Following on the point above, it was disappointing that no result on the
graph connectivity is shown for lambda > 0. In other words, the paper
does not shed light on graph connectivity for SSC or LRSSC. Only for LRR.
 The Low Rank Subspace Clustering (LRSC) work of Favaro deserves
a discussion. Equation in (6) is in fact an extension of LRSC, not of LRR,
because LRSC uses the Frobeniuos norm of the error, while LRR uses the L21
norm. Of course they coincide in the noiseless case. Arguably, the name
LRSC is more appropriate than LRR throughout, since we are not talking
about a low rank representation in general, but one specifically designed
for the subspace clustering problem.
 The proof of the success of
LRR for independent subspaces was not shown in Vidal et al.

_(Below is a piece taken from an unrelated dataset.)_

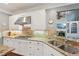 View of the kitchen featuring a gas stovetop, granite countertops and stainless steel sink at 3235 Munsey Ct, Cumming, GA 30041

PAMI 2005
[23]. It was shown in Section 2.3 of Vidal et al. IJCV 2008, " Multiframe
motion segmentation with missing data using PowerFactorization and GPCA"
 To the best of my knowledge, the first application of subspace
clustering to hybrid system identification is Vidal et al. CDC 2003, which
is much earlier than Bako, Automatica 2011 [2].
 The experiments
on Figure 9 seem to be showing a performance that is worse than that of
SSC and LRR. As lambda goes to infinity, this should approximately
converge to the SSC performance, which is 1.52% for 2 motions, 4.40% for 3
motions, and 2.18% for two motions. The reported number of nearly 9% for 3
motions seems way off. I understand that the parameter setting may be
slightly different. But I wonder what happens if one uses the parameter
settings of Elhamifar. Would the behavior of getting a smaller error for
some lambda still hold in practice? Overall, I think the experiments needs
to be redone to be made comparable with the state of the art.

The quality of English decreases as a function of the page number. 
The articles "the" and "a" are missing in several places
(100,123,153,154,205,271,281)  It should be "a ddimensional
subspace" (085),  There should be a space before references
(040,041,048,221,353),  It should be "these subspaces, we say a
matrix C obeys the SEP" in line 100,  What is the \perp symbol in
115.  it should be "the only difference being the definition of mu"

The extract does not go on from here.